• [TO DO] When you reach the line holding "36801 West Old Gate Dr Property Photo 15" in the material below, return that line and each one after it, word for word, with the pictures dropped.

+ + + + + + +

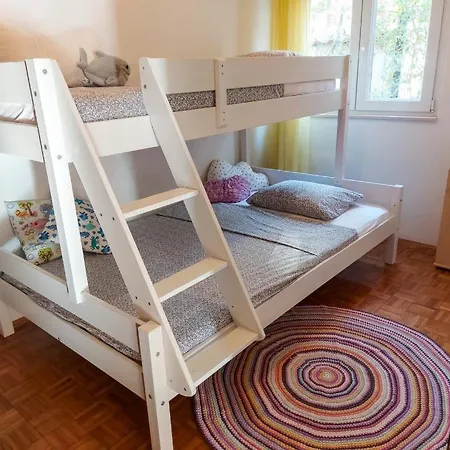 Διαμέρισμα Lemon Tree *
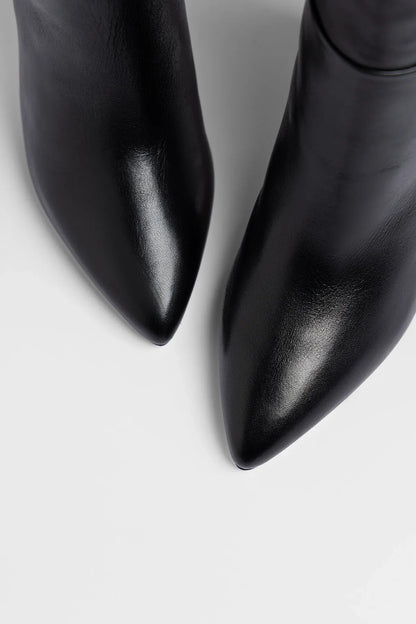 Cindy Wide Black Leather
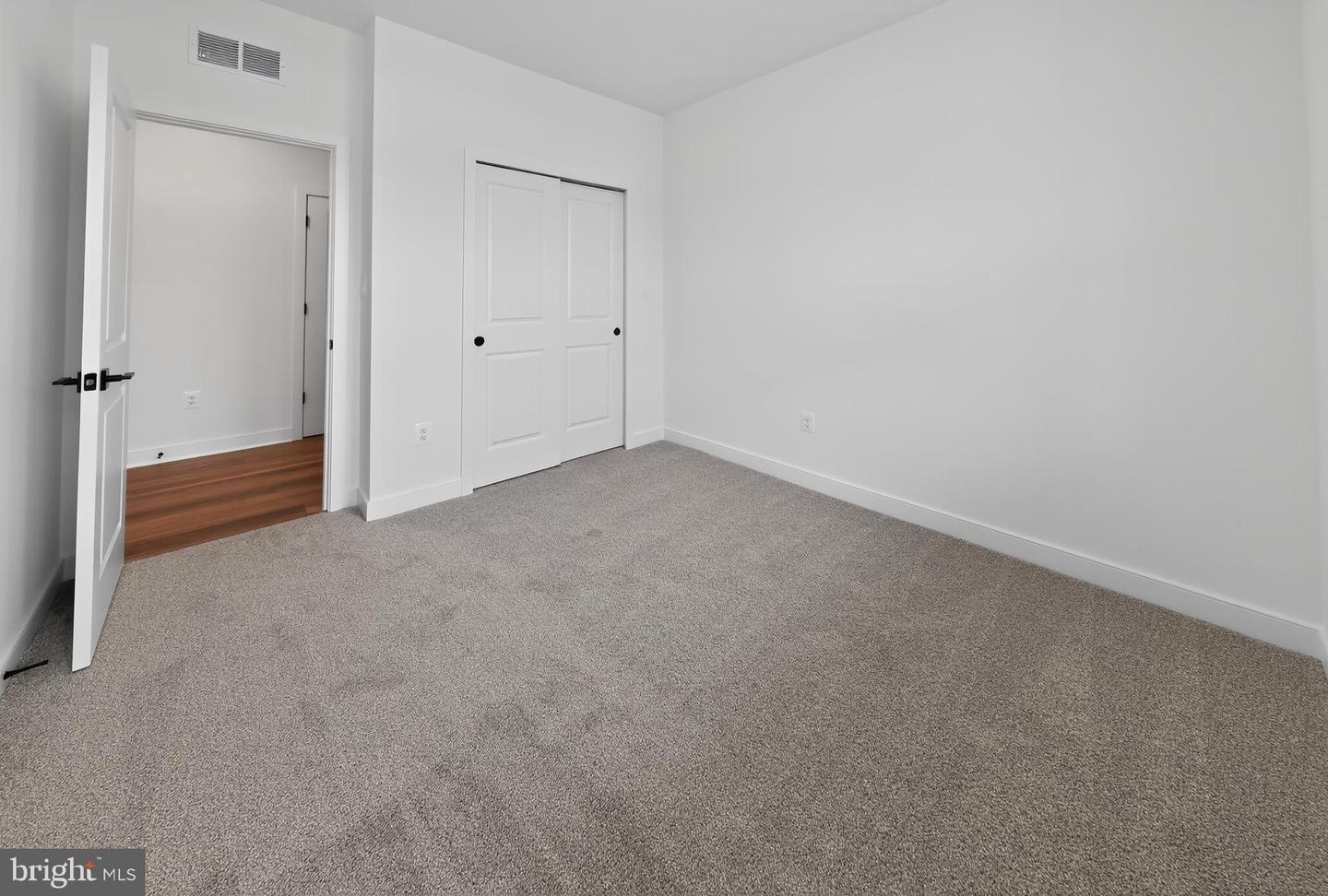 36801 West Old Gate Dr Property Photo 15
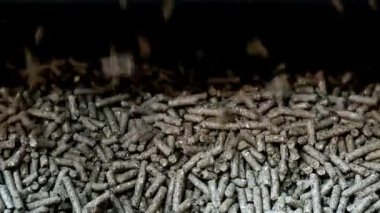 Yakacak odun ve saçma soba ürünleri. biyolojik dünya temiz enerji biyo-yakıt çevresi materyali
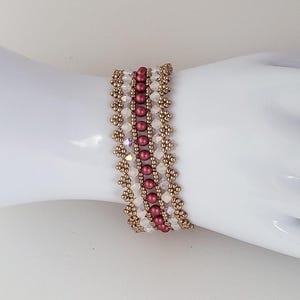 Pink and white crystal bead bracelet for women, handmade with golden MIYUKI seed beads. Lightweight and original bracelet.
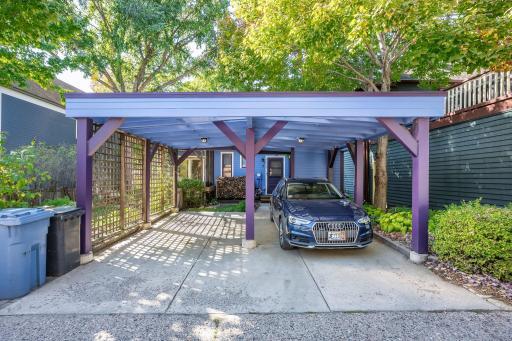 2219 22nd Avenue S, Minneapolis, MN 55404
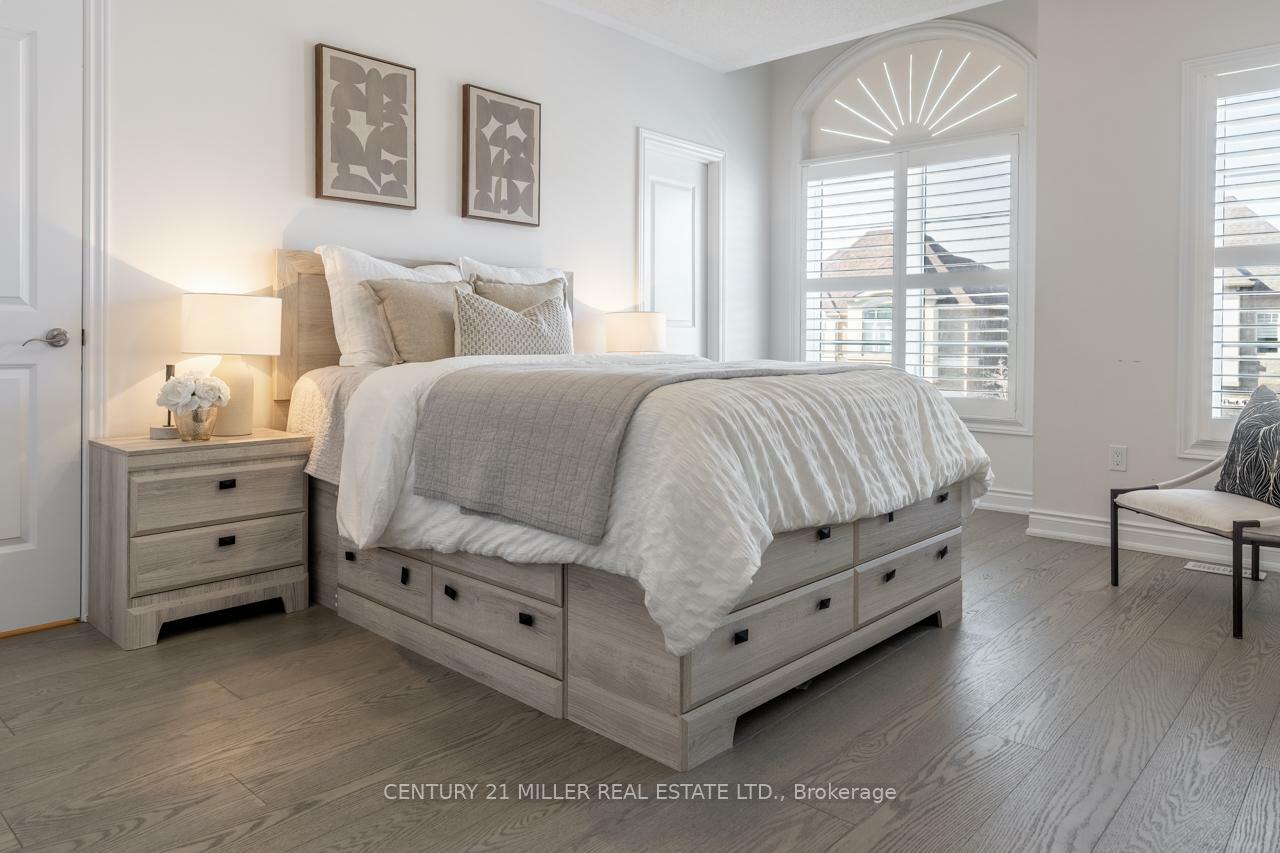 Photo de la propriété:  3429 Post Road  ON L6H 0Y4 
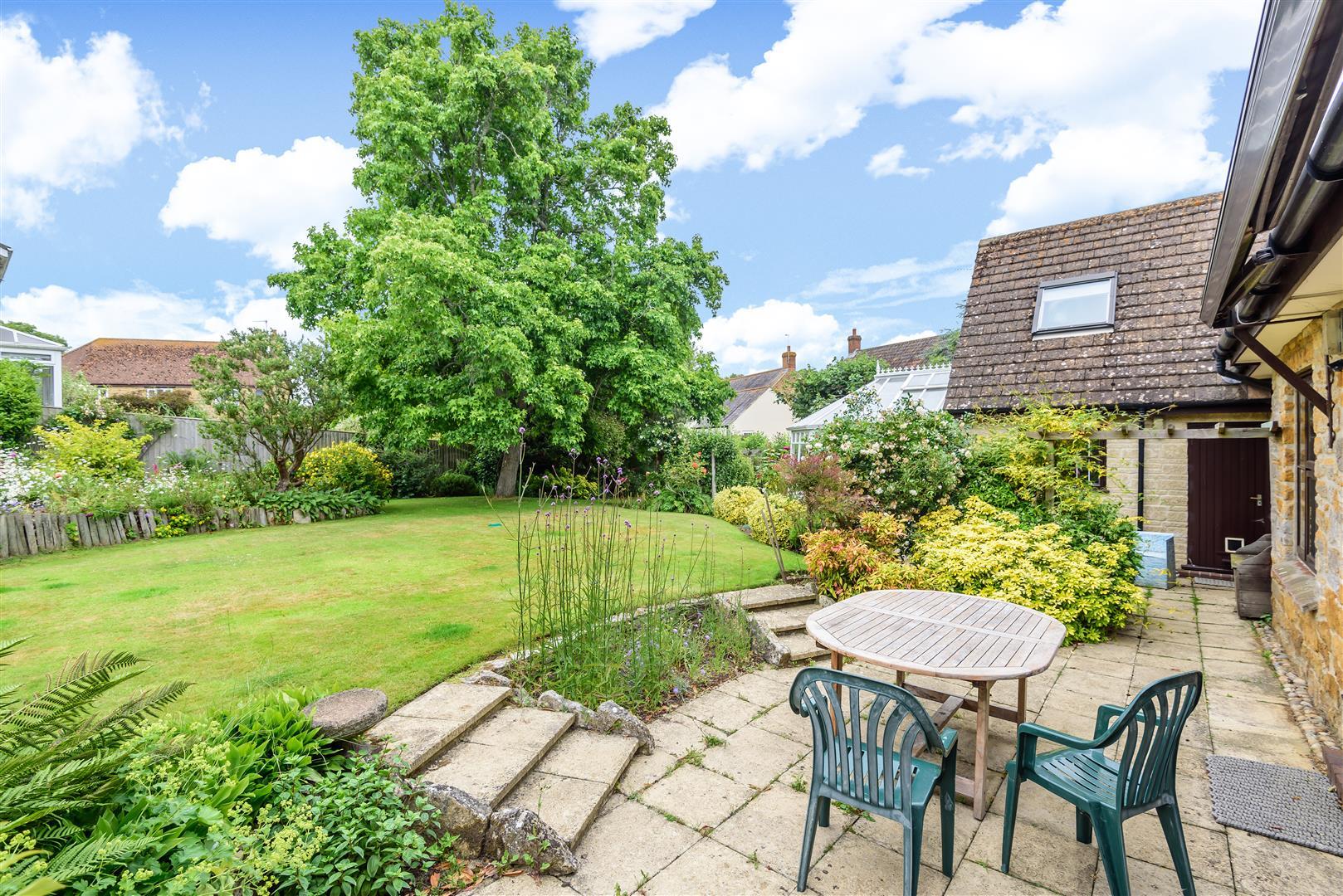 Property Image 26e6a24a-fdd3-41e5-9b9a-925975b8e77a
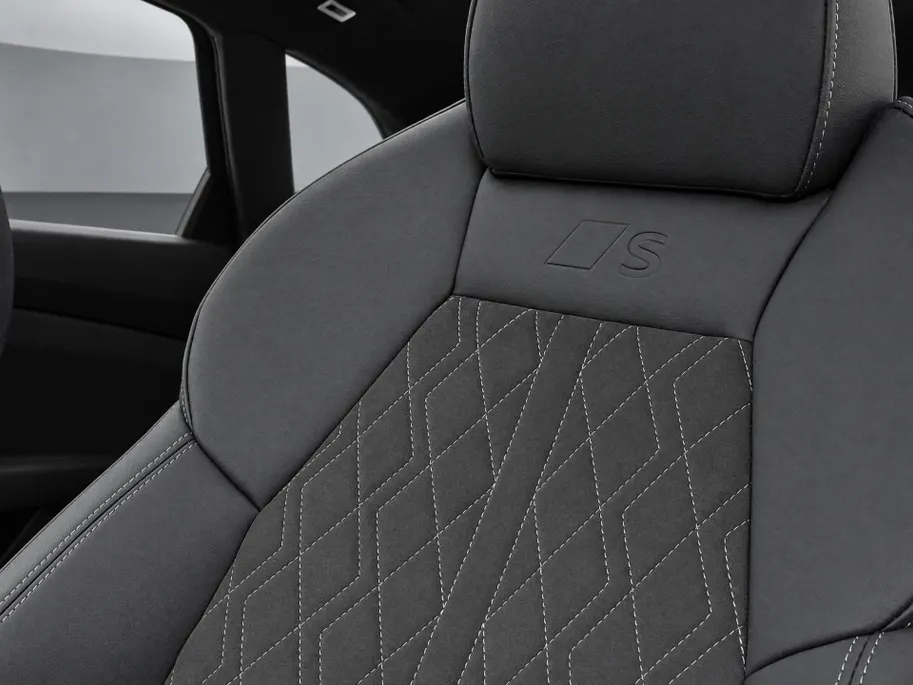 Audi Q5 e-hybrid quattro S edition 299 PK · Head-up display · Adaptieve luchtvering · Glazen panoramadak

+ + + + + + +

• [WORKED SOLUTION]
 36801 West Old Gate Dr Property Photo 15
 Yakacak odun ve saçma soba ürünleri. biyolojik dünya temiz enerji biyo-yakıt çevresi materyali
 Pink and white crystal bead bracelet for women, handmade with golden MIYUKI seed beads. Lightweight and original bracelet.
 2219 22nd Avenue S, Minneapolis, MN 55404
 Photo de la propriété:  3429 Post Road  ON L6H 0Y4 
 Property Image 26e6a24a-fdd3-41e5-9b9a-925975b8e77a
 Audi Q5 e-hybrid quattro S edition 299 PK · Head-up display · Adaptieve luchtvering · Glazen panoramadak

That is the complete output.